Sulaiman is the highest-ranking Abu Sayyaf commander killed by American-backed troops. Washington had offered up to $5 million for his capture.

One former American hostage, Gracia Burnham, said in a statement that Sulaiman now faces judgment by God.

“Based on the six months I had close contact with Sulaiman during our year of captivity, I would say he was the most dangerous of the Abu Sayyaf leaders because he was filled with hate,” she said.

She and her husband, Martin, were held hostage by Abu Sayyaf for more than a year before he was killed and she died in the rescue effort that freed her.

“Martin and Sulaiman had long talks about their beliefs and beliefs in general while we were in the jungle, so today my heart is filled with sadness for Sulaiman because his next step is to face almighty God to be judged,” she said.

Matthew Lussenhop, a spokesman for the American Embassy in Manila, congratulated the Philippine government, describing Sulaiman’s killing as “a major success.”

In a separate operation, the alleged leader of another Al Qaeda-linked terror group was arrested in the southern Philippines, said Chief Superintendent Jose Goltiao, police director of an autonomous Muslim region.

The suspect, Kule Mamagong, is accused of plotting an October bombing outside the municipal hall in the city of Makilala, which killed eight and left dozens wounded.

Goltiao said Mamagong was a local member of the Al Qaeda-linked Jemaah Islamiyah, blamed for the October 2002 bombings in Bali, Indonesia, which killed 202.

Sulaiman allegedly helped plot a February 2004 bombing that triggered a ferry fire, killing 116 people in Southeast Asia’s second-worst terror attack.

But he was best known in America, perhaps, as the alleged mastermind of the kidnapping of the Burnhams, another American and Filipino tourists from a resort on the southeastern island of Palawan in 2001. The third American, Guillermo Sobero, was beheaded.

The kidnappings prompted Philippine authorities to allow the deployment of American troops in the southern Mindanao region to train and arm Filipino soldiers working to wipe out the resilient Abu Sayyaf.

Buddy Recio, a Filipino who was briefly held hostage by Abu Sayyaf in 2001, said Sulaiman provided an ideological inspiration to rebel recruits.

“His death means the loss of one master planner for the Abu Sayyaf,” Mr.
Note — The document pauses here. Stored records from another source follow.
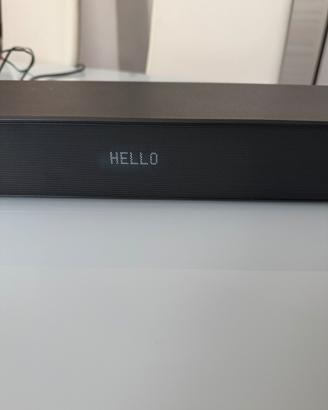 Lg Soundbar
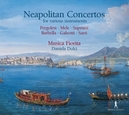 Neapolitan Concertos For...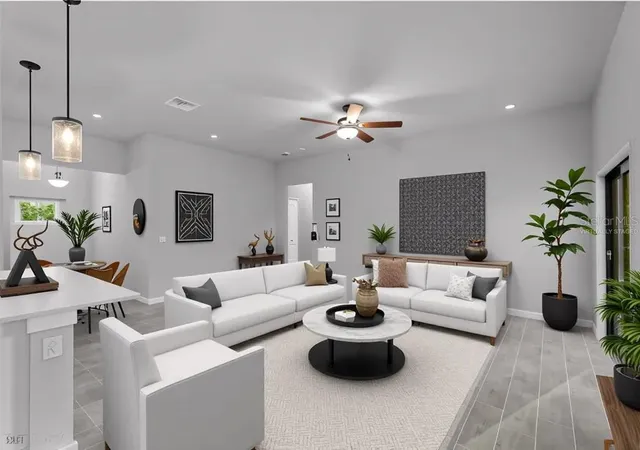 4th image of 3875 Lamarque Ave, North Port, FL 34286 | MLS# C7522718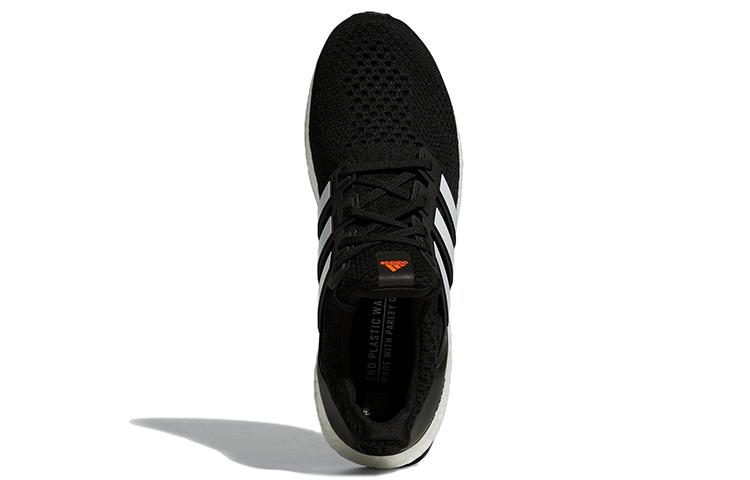 UltraBoost 5.0 Adidas Dna 'Черно-белый' GV8749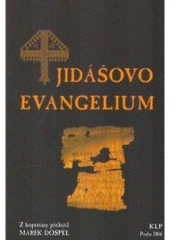 kniha Jidášovo evangelium, KLP - Koniasch Latin Press 2006
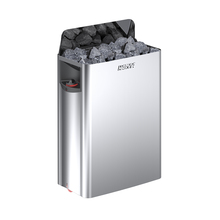 Badstuovn The Wall 9 kW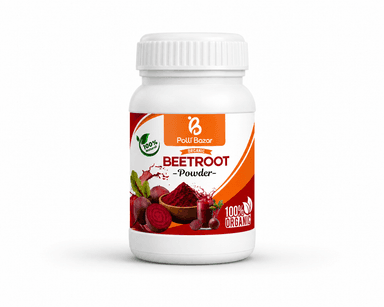Spray Dried Beetroot Powder-স্প্রে ড্রাইড বিটরুট পাউডার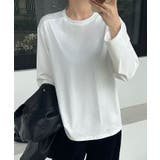 【DECADE CLASSIC】ベーシックロングスリーブTシャツ | DECADECLASSIC | 詳細画像9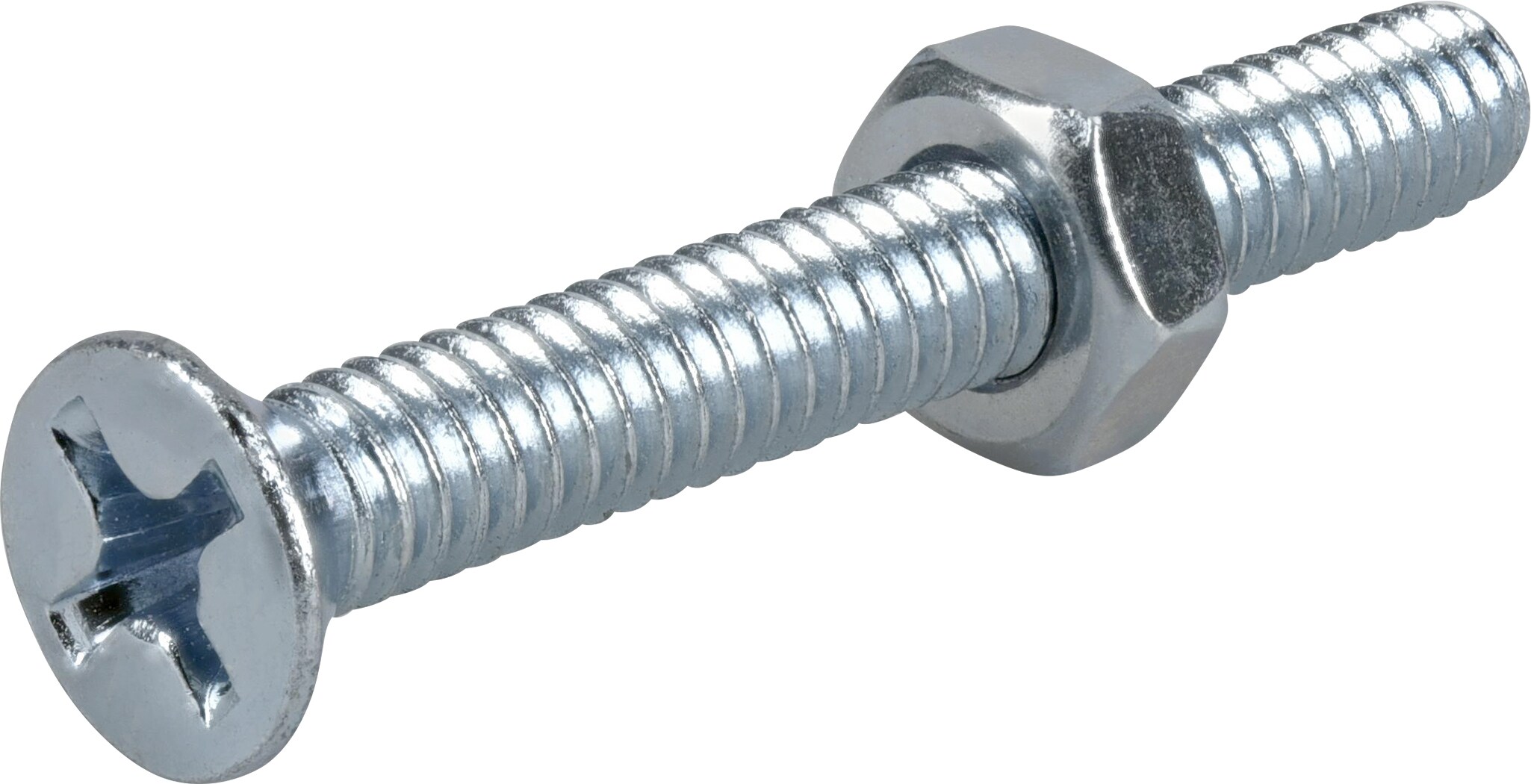 Hillman 490438 Metric-Machine-Screws - View #3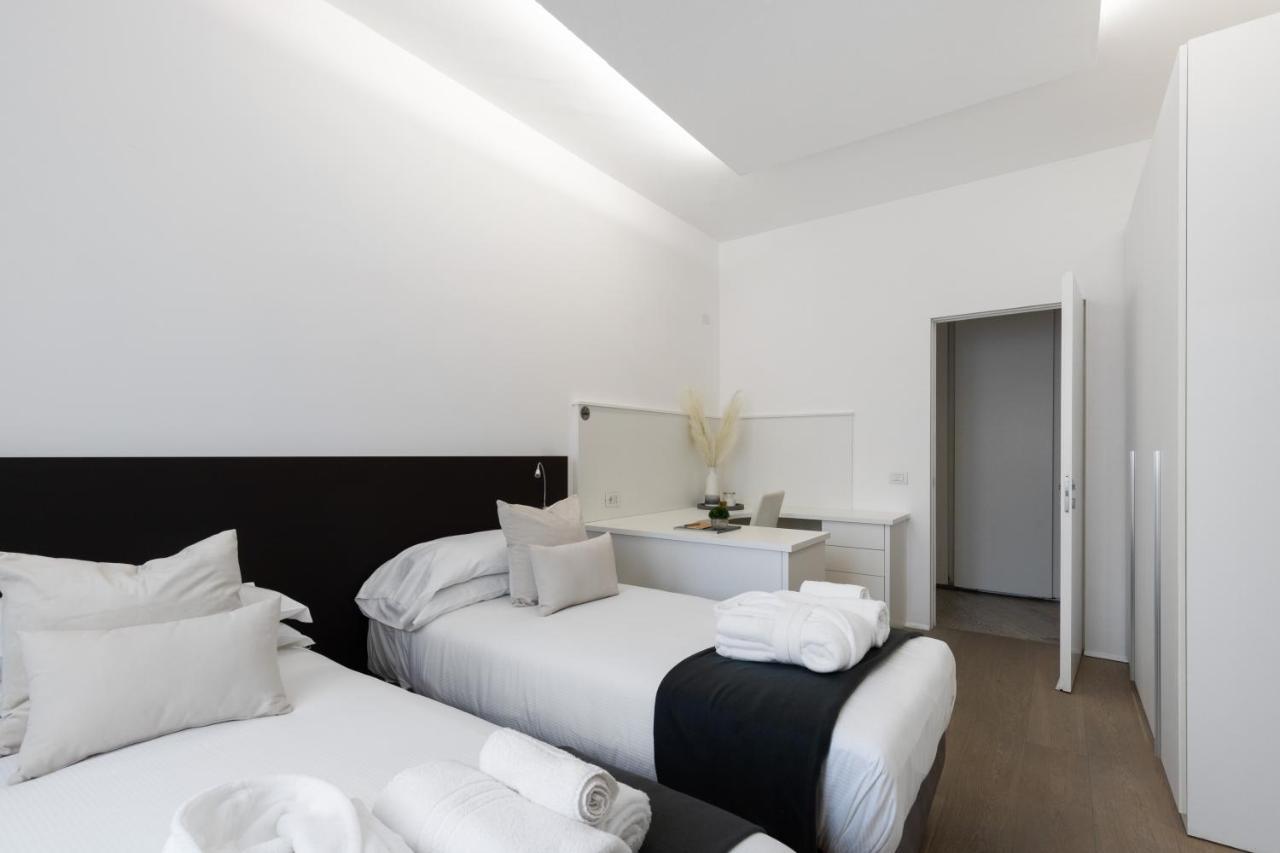Borgo Coloniola Lake View Комо Екстериор снимка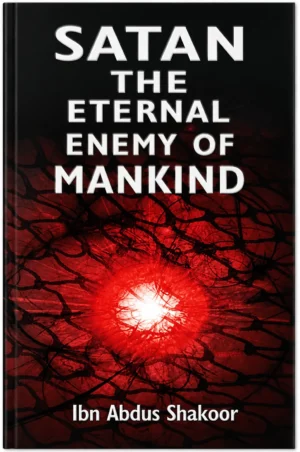 The Eternal Enemy of Mankind offers an insightful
Recio said. “I remember we couldn’t have small talk with that guy. It’s always about business or their ideology.”

On Tuesday, army forces raided Sulaiman’s camp, sparking a three-hour gunbattle through dense forests, said regional army spokesman Maj. Eugene Batara. Other insurgents escaped but troops are chasing them, Mr. Batara said.

The clash occurred between the army’s 8th Special Forces Company and about 60 Abu Sayyaf gunmen, about 590 miles south of Manila, Esperon said.
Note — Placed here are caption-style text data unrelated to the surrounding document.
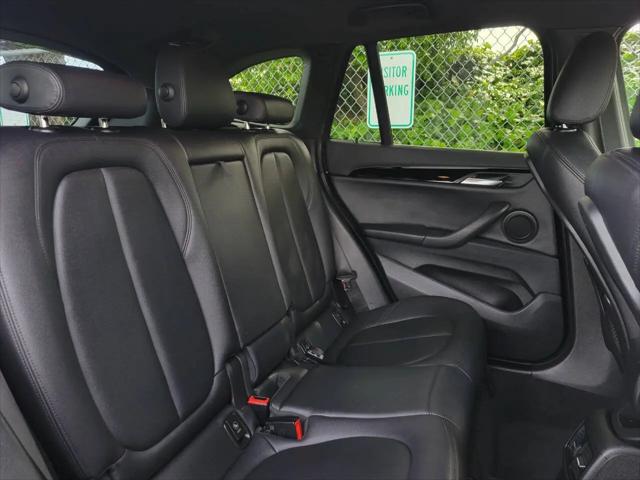 2018 BMW X1 sDrive28i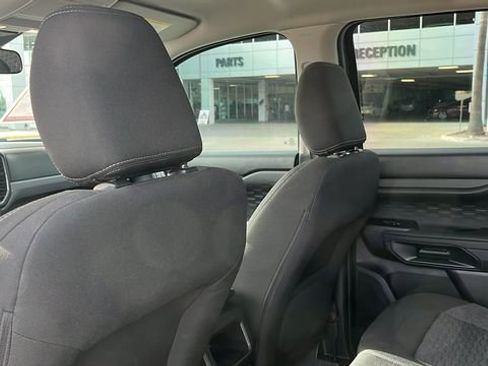 Used 2025 Ford Ranger XL w/ Trailer Tow Package AWD/4WD image 19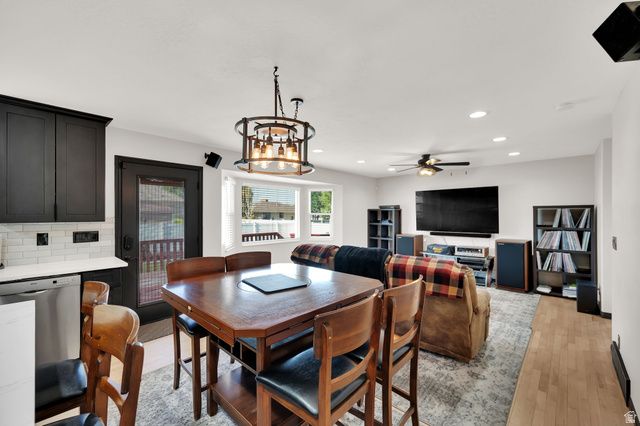 2684 W 7130 S, West Jordan, UT 84084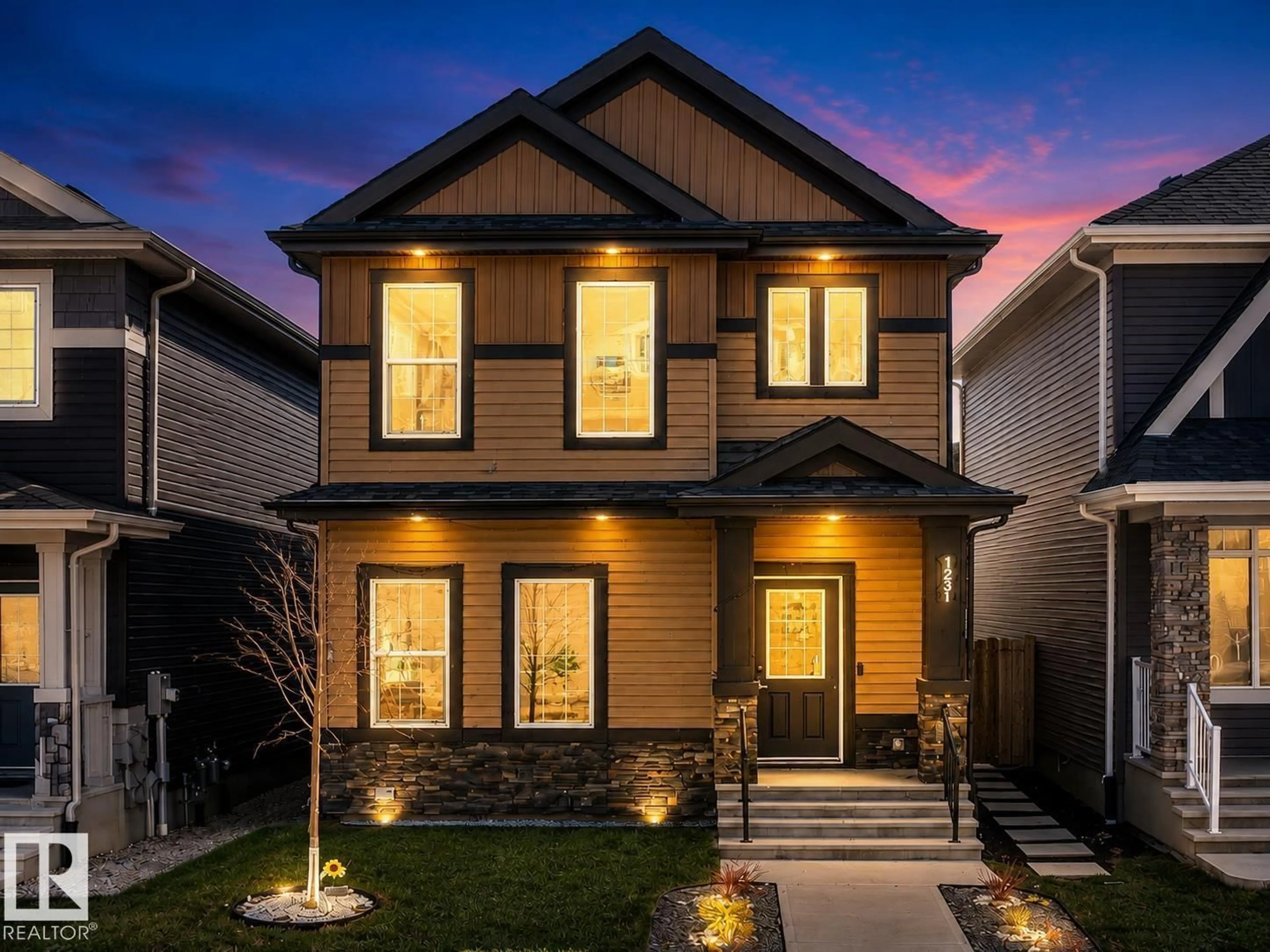 Unknown for 1231 WATT DR, Edmonton Alberta T6X2H2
Villagers on the mountainous southern island of Jolo, a rebel informant and one of the wives of the slain rebel identified his body, Esperon said.

Esperon displayed a picture of the slain militant, then stood up to put an “x” across Sulaiman’s face in an American poster of most-wanted terror suspects.

Sulaiman’s death could set off retaliatory attacks, Esperon said, but that the military was ready to thwart any such assaults.

“I believe the activities of the Abu Sayyaf will go down considerably,” Esperon said.

Sulaiman, a 41-year-old civil engineer, joined the Moro National Liberation Front in 1996, but broke with the Muslim separatist group after it signed a peace accord with the government.

After working for a few years in Saudi Arabia building highways and buildings, police intelligence reports said, he returned home and joined the Abu Sayyaf in the late 1990s.

Having once been a builder, Sulaiman was asked by The Associated Press last year in a telephone interview why he would want to destroy.

He said their attacks were retribution for atrocities committed against Muslims worldwide. “I know that being once a builder of things would make me more efficient in destroying them,” he said.